I’m working with a dataset where I need to drop some columns which contain only NULL
values. The issue is that the column names are not consistent or similar, and can change with time. I was wondering if there is a way in ADF to drop a column if all instances are NULL
without having drifted columns?
I have tried unpivoting, removing rows, then re-pivoting, however after I pivot the data back to its original format, I get the following message:
"This drifted column is not in the source schema and therefore can only be referenced with pattern matching expressions"
The drifted columns don’t seem to join on subsequent join functions. I have also tried setting derived columns with regex column patters to make all the drifted columns explicit, however, the byName()
function doesn’t seem to work with the $$
syntax; namely:
toString(byName($$))
Any ideas of how to solve this within Azure Data Factory – Data Flows would be very much appreciated!
2
Answers
If the source column names will change, then you have to use column patterns. When you match columns based on patterns, you can project those into columns using the Select transformation. Use the rule-based mapping option in the Select transformation with true() as the matching expression and $$ as the Name As property like this:
I have used combination of both data factory pipeline activities and dataflow to achieve the requirement.

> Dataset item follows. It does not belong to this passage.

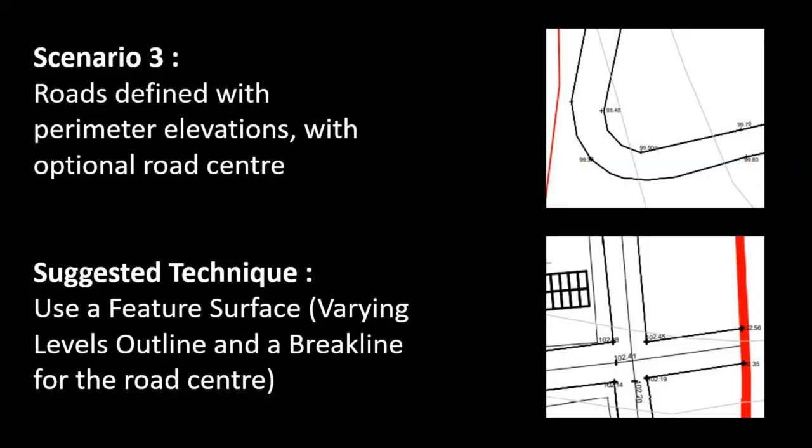There's one thing to consider again, which is the side batters. I'm going to leave them at one-on-one because that seems reasonable for this road layout. Next we go on to the last scenario, which is what we recommend people do when they're defining roads in their projects.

First, I have taken dataflow to output a file. I have added a new column with all values as
1
so that I can use aggregate on all other rows using this new column to group.I have used collect() to create an array for each of the column where group by is on above created column.
In pipeline2, I have used activities to get columns that are not entirely nulls, create a dynamic schema and then use this schema as mapping and write to a file only the required columns.
First, I have read the file written at the end of dataflow without header (even though the file has header). The dataset looks as shown below:
NOTE: In the copy data activity, the source is the original file.